The constellation of works examines the politicization of the private sphere—how personal experiences and observations, born of cataclysm, yield distinct insights into the impact of violence and the persistence of unhealed collective trauma. The exhibition raises questions of responsibility and individual agency while pointing toward the liberatory potential of artmaking and the forms and spaces of intimacy that can foster solidarity.
Structured as a non-linear “mind map”—elliptical and associative—OCTOBER proposes connections that reflect the perpetuity of political, social, and economic systems of oppression. Texts by Marguerite Duras, Charlotte Delbo, Virginie Despentes, Françoise Vergès, Grupa Spomenik, Ariella Aïsha Azoulay, Fadwa Tuqan, and others played an essential role in shaping OCTOBER and underscore the urgency of learning from historical anti-war and anti-fascist legacies in confronting today’s (post)-fascist ideologies and the reality of “contemporary–permanent–war.”
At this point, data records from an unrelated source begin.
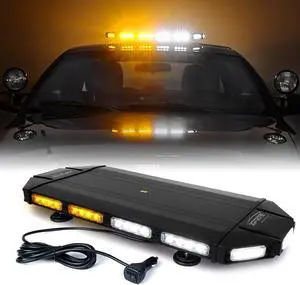 27" White Amber Emergency Strobe Light Bar, Black Hawk High Intensity LED Warning Security Rooftop Caution Lightbar for Tow Trucks Construction Vehicle Patrol Cars Snowplow Safety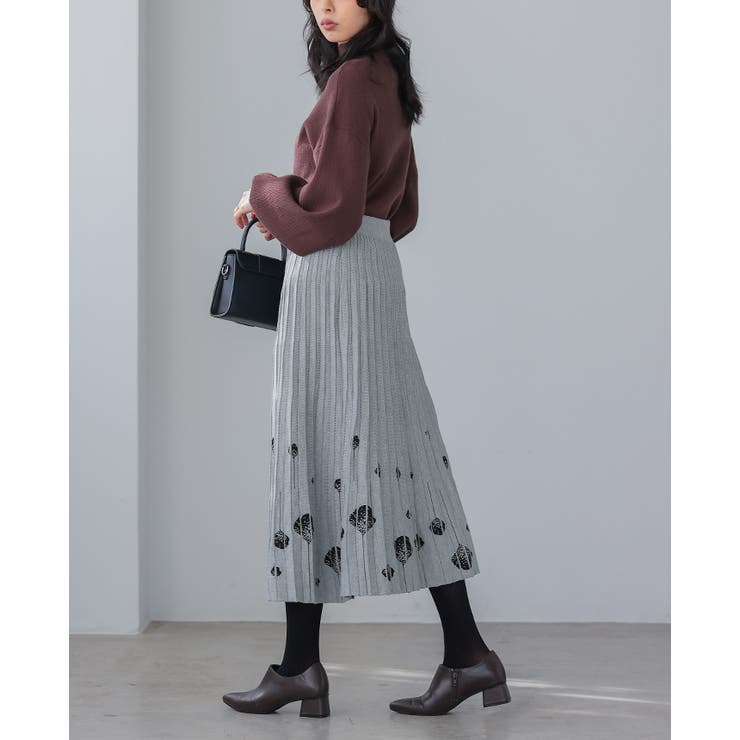 足元に花が咲く予感。ニットプリーツスカート スカート プリーツ | HAPPY急便 by VERITA.JP | 詳細画像5 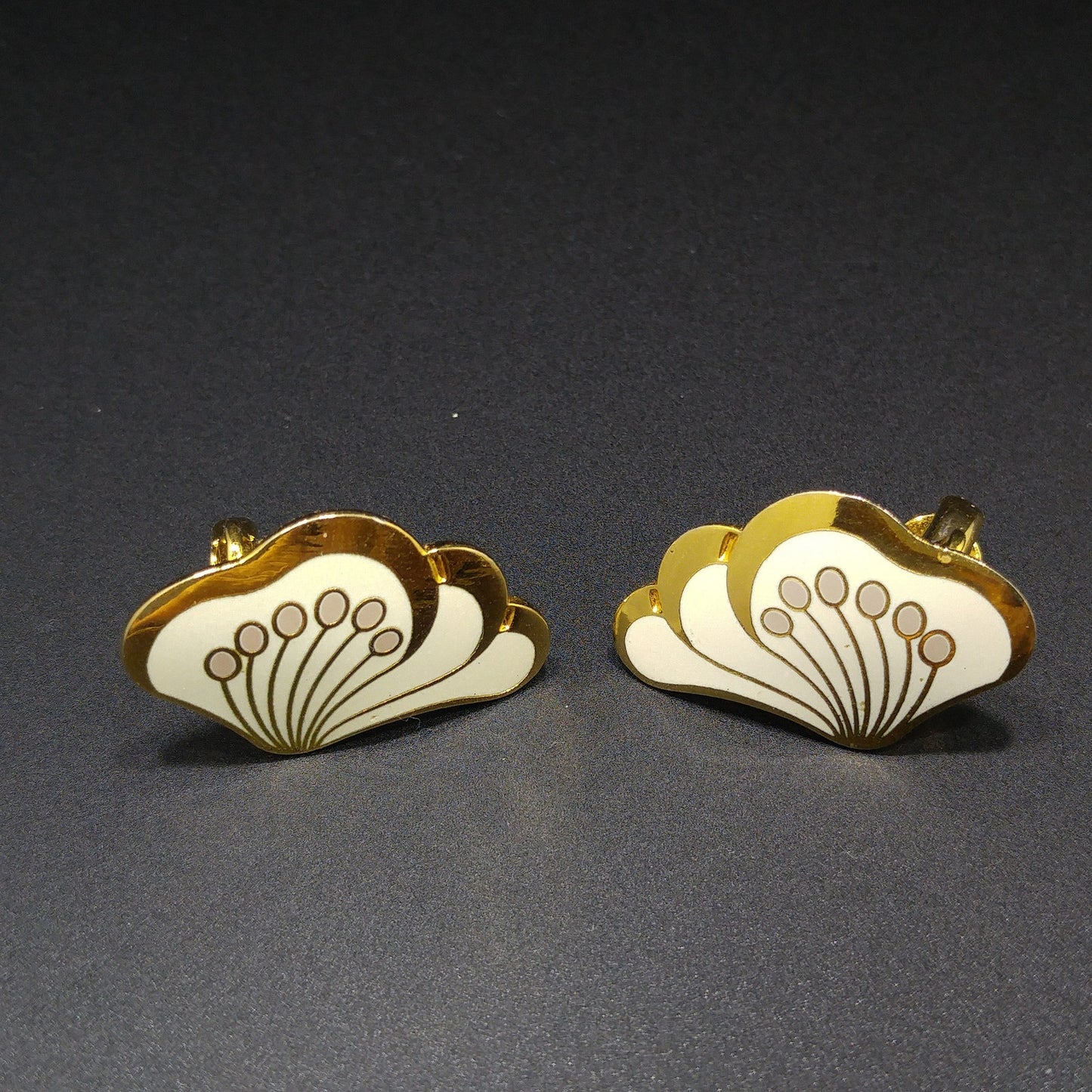 Laurel Burch "Le Fleur" Gold & White Clip Earrings, Gold Plated, 1980s Vintage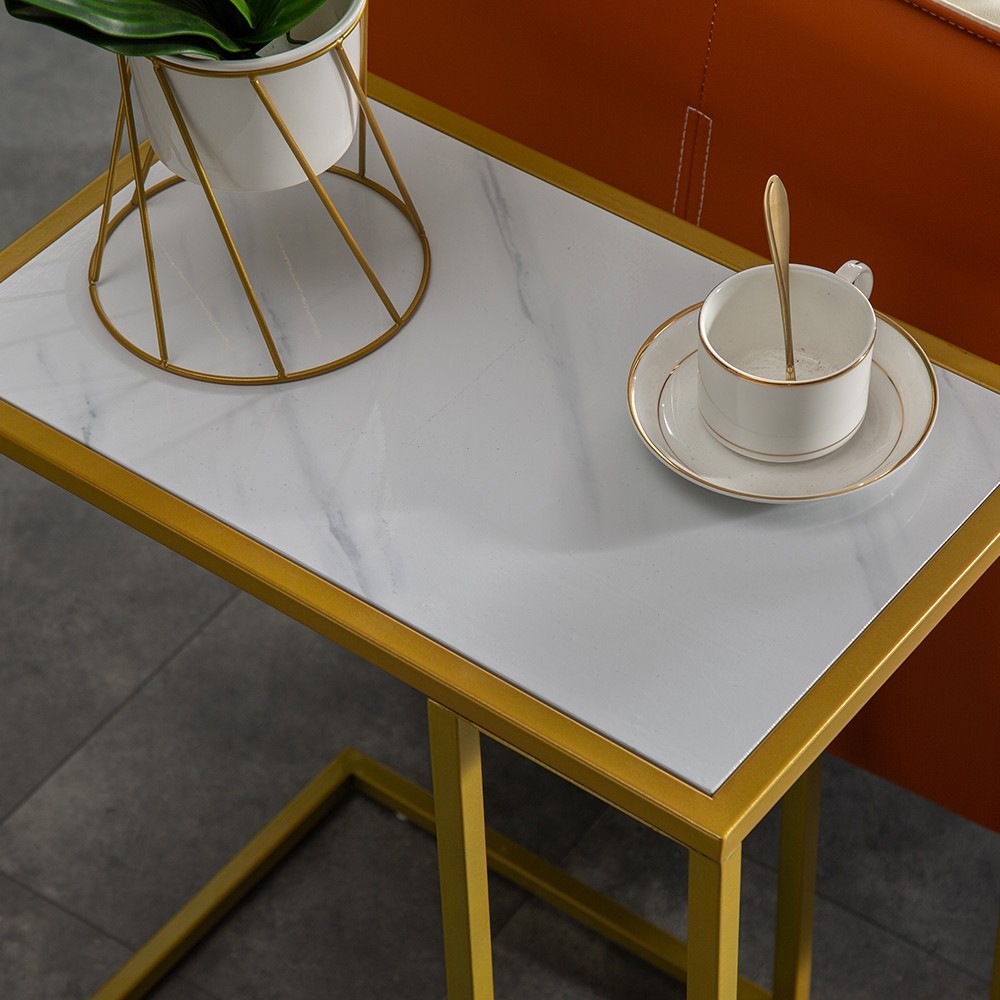 Marble Minimalist C-Shaped Table White And Gold Coffee Table Sofa Side Table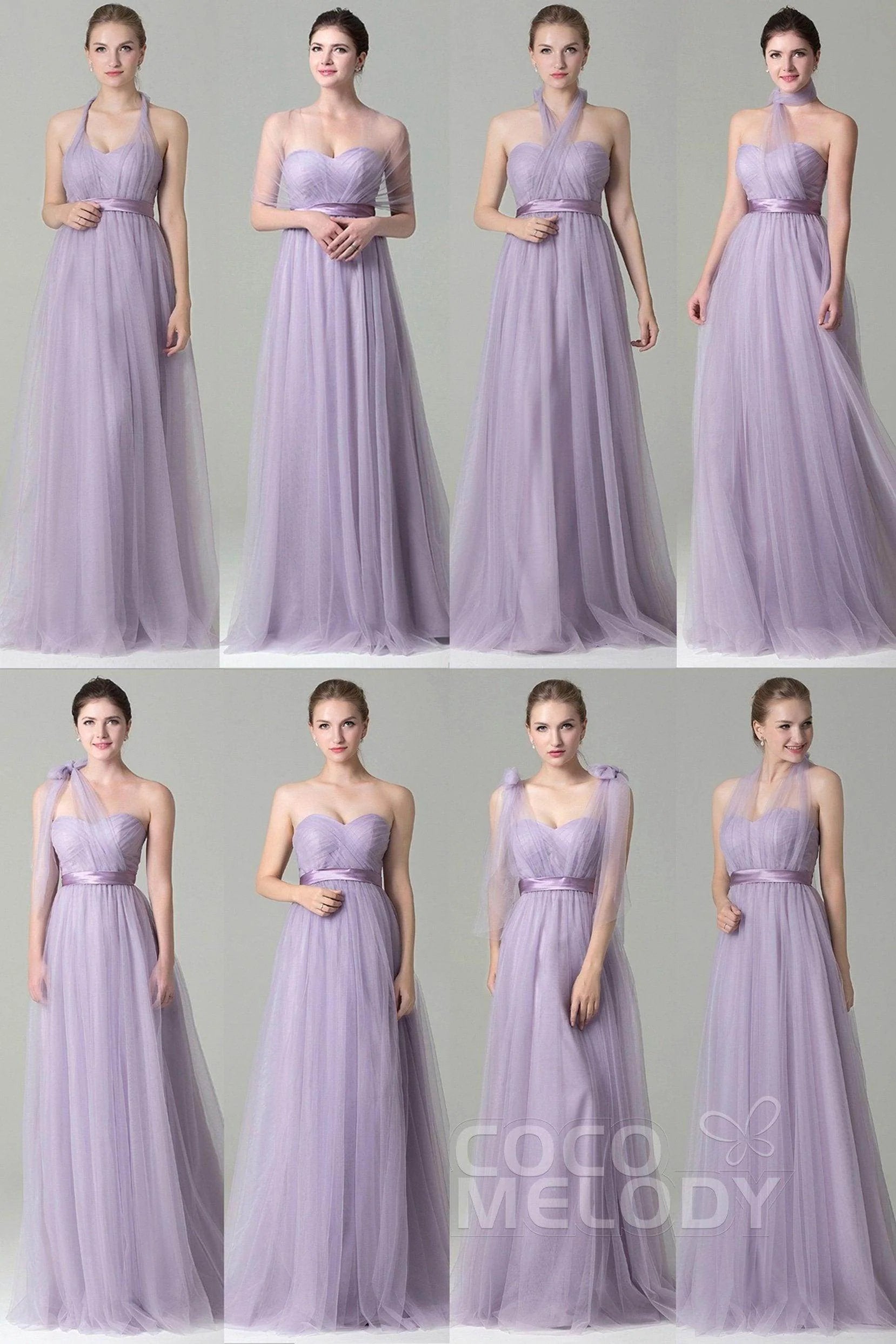 Sheath-Column Floor Length Tulle Bridesmaid Dress COZF1500B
The narratives interwoven here encompass personal stories, survival journeys, acts of creative resistance, histories of remembrance, and the lasting effects of war—on landscapes and cities, and on bodies as living archives bearing the scars of years marked by atrocities and deprivation.
Here, the personal and the intimate serve as lenses through which broader political and social realities are experienced, examined, and understood. Art emerges as observation and documentation, as a coping mechanism, and as an act of resistance. It becomes a means to confront inequality, expose violations of human rights, and cultivate a dynamic exchange of identities and positions. A radical act of thought. A silent bearing witness. A gesture of empowerment. A fragile, unending exchange between inner lives and shared histories.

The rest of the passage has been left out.